The Synthetic Biology Engineering Research Center (SynBERC) is funded by a five-year, $17 million grant from the National Science Foundation.

In addition to MIT, participating universities are the University of California at Berkeley; Harvard University; University of California at San Francisco; and Prairie View A&M University. Matching funds from industry and these universities bring the total five-year commitment to $20 million, with NSF offering the possibility of a five-year extension of the grant. The center is managed via the California Institute for Quantitative Biomedical Research and directed by Professor Jay Keasling of UC Berkeley. The work of the center will be distributed, with major nodes in Cambridge and in San Francisco.

"SynBERC is the first time we've had long-term support to improve the technical foundations that underlie the engineering of biology," said Andrew D. Endy, an assistant professor in MIT's Division of Biological Engineering and a co-investigator in the new center.

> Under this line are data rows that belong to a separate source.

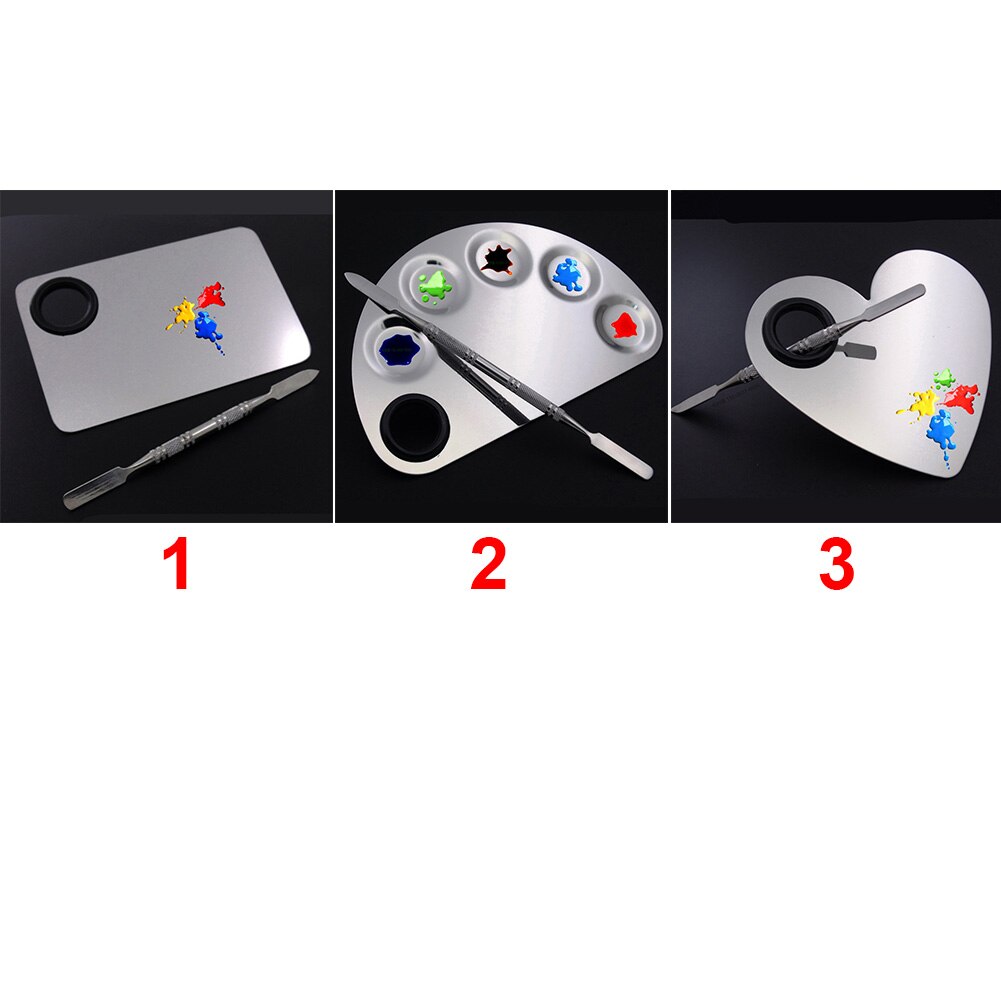 Spatula Mixing Art Supplies Stainless Steel Drawing Tools Makeup Watercolor Palette School Paint Nail Art Rod Oil Painting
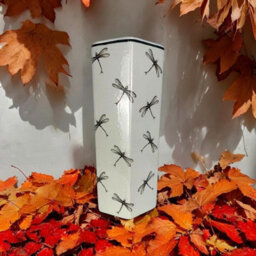 "18"" Hexagonal Ceramic Umbrella Stand" - thumbnail 5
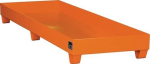 Auffangwanne orange 241 l LxBxH 2400x800x250 mm Stahlblech ohne Gitterrost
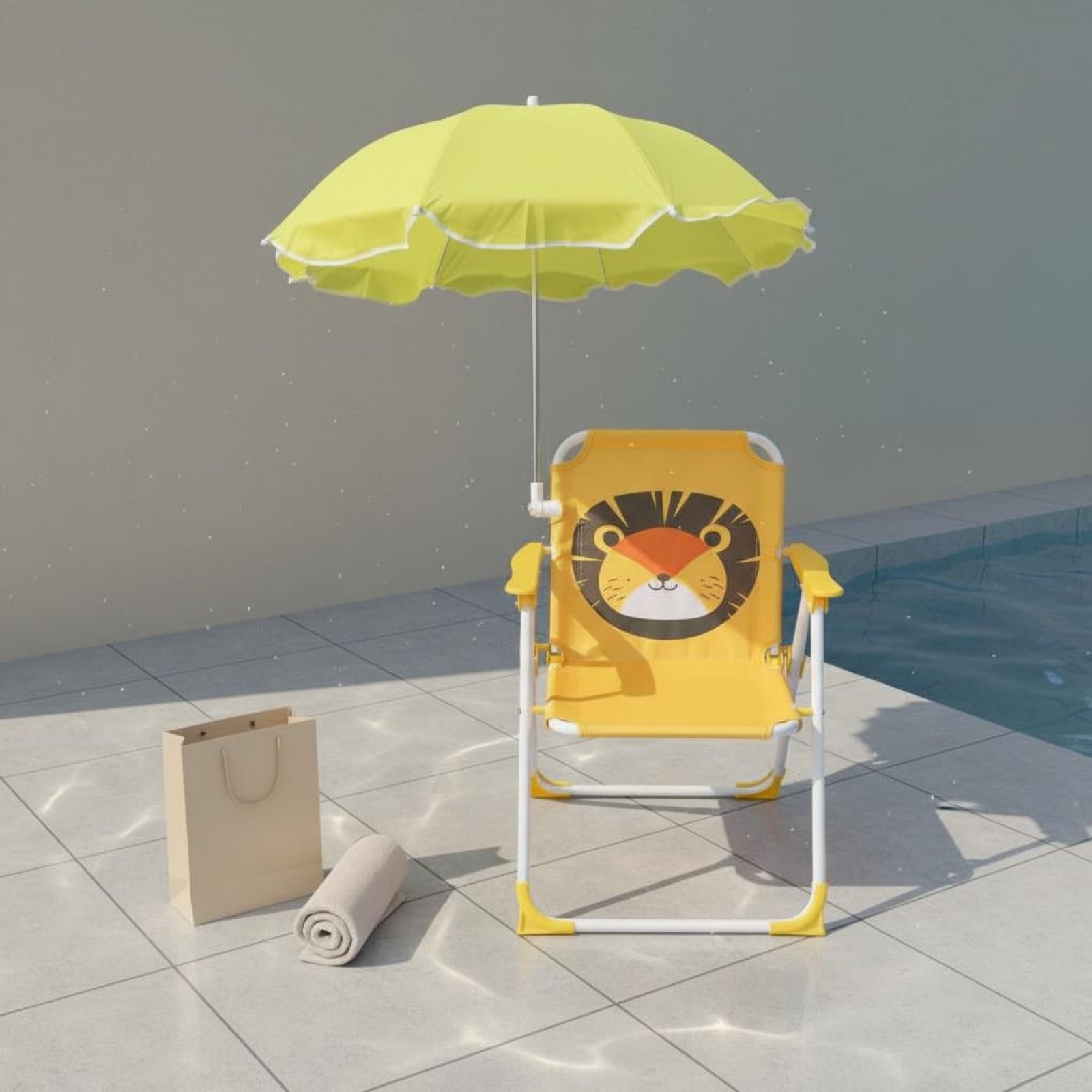 Outdoor-Kinder-Strandstuhl mit – Kids Outdoor Umbrella Chair Bewertung und Preis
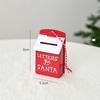 New Iron Christmas Mailbox Mini Metal Iron Pendant Portable Christmas Tree Decoration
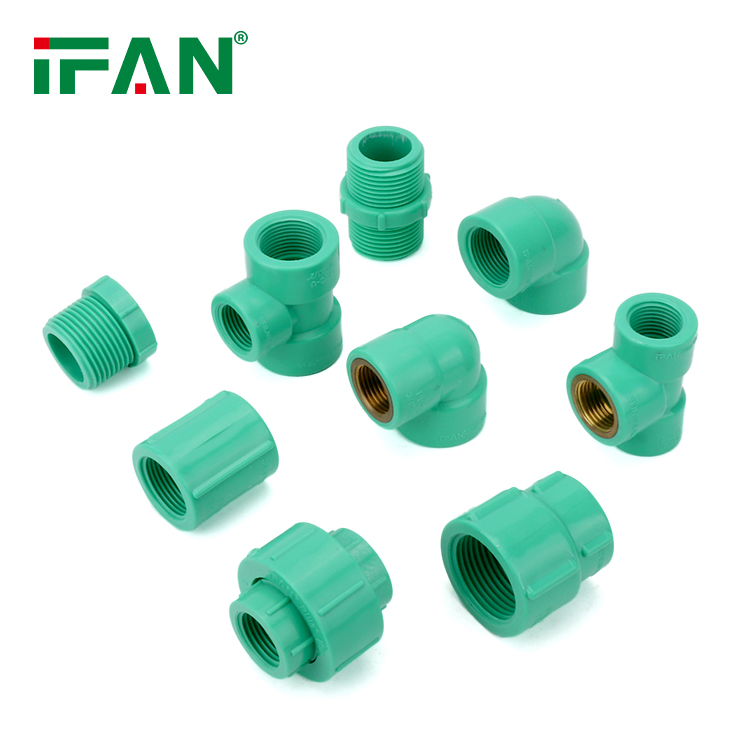 Ifan BS 4346 Low Price 1/2"-2" Green Pn16 Union UPVC Fitting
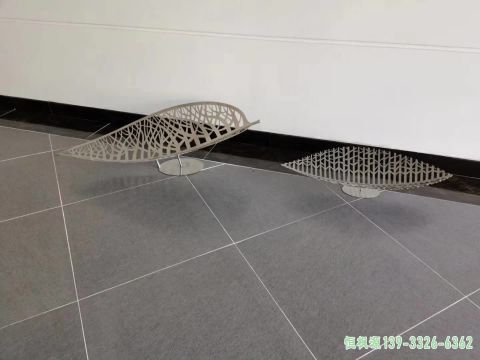 镂空树叶城市不锈钢艺术雕塑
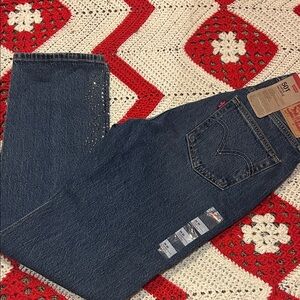 Levi's Straight-Leg Women’s Jeans in Dark Blue Denim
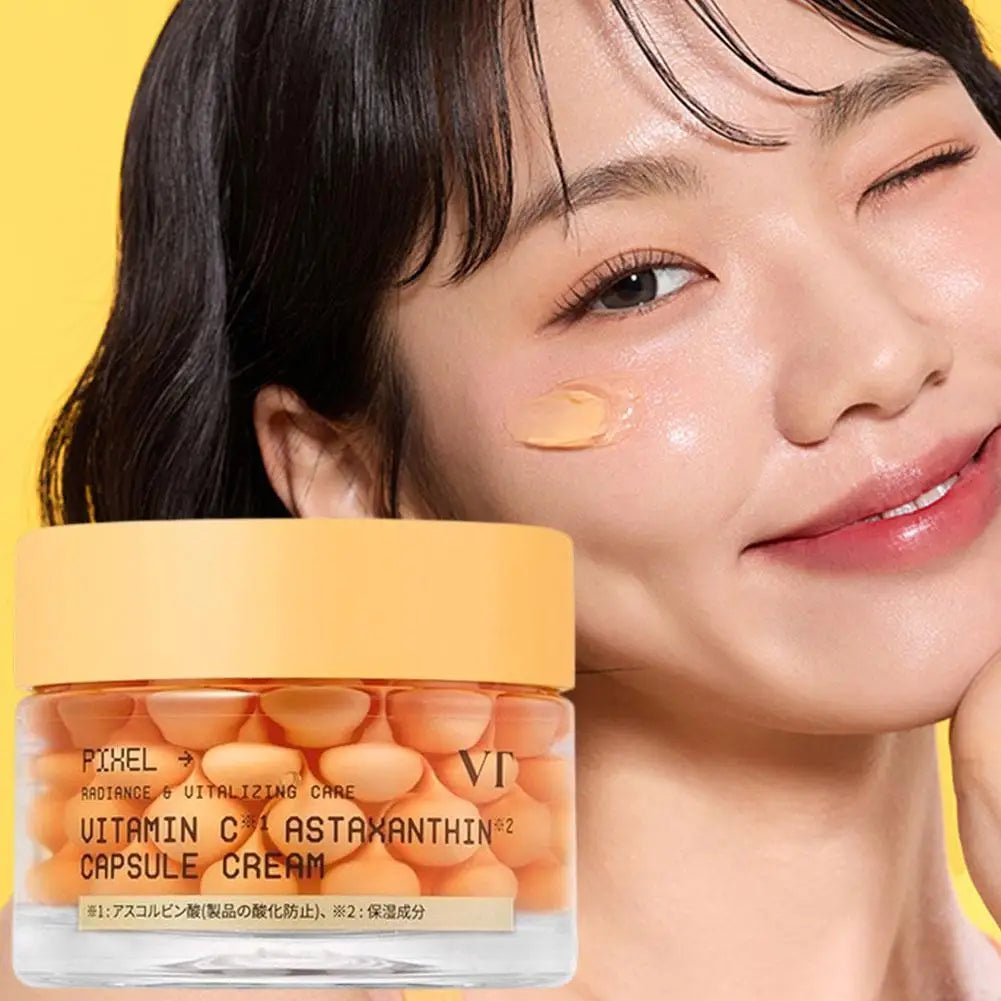 50ml VT Cosmetics Radiance Revitalizing Facial Care VitaminC Astaxanthin Capsule Cream Korean Brand Nourishing Clear Moisturizer Peaceful Pleasures Health and Wellness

SynBERC will build on 10 years of synthetic biology research. Most notably for MIT, the center will allow expanded support for the Registry of Standard Biological Parts, a worldwide resource started in 2003 to promote the framework of interchangeable biological parts, or BioBricks, pioneered by Thomas F. Knight Jr., another SynBERC investigator and senior research scientist in MIT's Department of Electrical Engineering and Computer Science.

The registry aims to promote synthetic biology in the same way that the adoption of a uniform system of screw threads in the 1860s made it easier to build machines, and the simplification of integrated electronic circuit design in the 1970s paved the way for today's microprocessors.

"Our view of engineering biology focuses on the abstraction and standardization of biological components. The registry is the field's first catalog of standard biological parts," said Randy Rettberg, a SynBERC investigator, director of the registry and principal research engineer in MIT's Biological Engineering Division.

Rettberg will also help SynBERC's educational efforts by continuing to lead iGEM -- the International Genetically Engineered Machines competition.

"iGEM 2006 grew from a small short course that we first taught at MIT in January of 2003. This summer there are teams of students at 38 schools around the world competing to make the coolest synthetic biological systems, from bacteria that smell like fruit-stripe gum to yeast that count," said Rettberg. Endy added, "iGEM also benefits from and feeds back into Course 20, MIT's new major in biological engineering."

SynBERC's foundational research will be motivated by pressing biotechnology applications.

For example, Kristala Jones Prather, an assistant professor in MIT's Department of Chemical Engineering and SynBERC investigator, will lead a project to engineer microbes to produce vincristine and vinblastine -- two drugs that are given as treatments for some types of cancer but that today must be extracted at high cost from Madagascar periwinkle plants.

Prather is also developing tools to facilitate the design and construction of novel biosynthetic routes to chemicals.

Another project led by Chris Voigt of UCSF will attempt to engineer bacteria with genetic sensors, logic and actuators such that the microbes can actively seek and destroy tumors.

Other key SynBERC work will examine the ethical, economic and biosecurity implications of synthetic biology and assess the effects of intellectual property and security regimes on the development of the field. Kenneth Oye, an associate professor of political science and engineering systems, will co-direct SynBERC's societal research with Paul Rabinow, a philosopher and anthropologist at UC Berkeley.

This work will build on MIT's Program on Emerging Technologies, an NSF-sponsored program led by Dean for Undergraduate Education Daniel Hastings and Professors Oye, Dava Newman and Merritt Roe Smith. It will also build on an ongoing study sponsored by the Alfred P. Sloan Foundation that is considering the impact of next-generation DNA synthesis technologies, and a series of topical conversations sponsored by MIT's Technology and Culture Forum.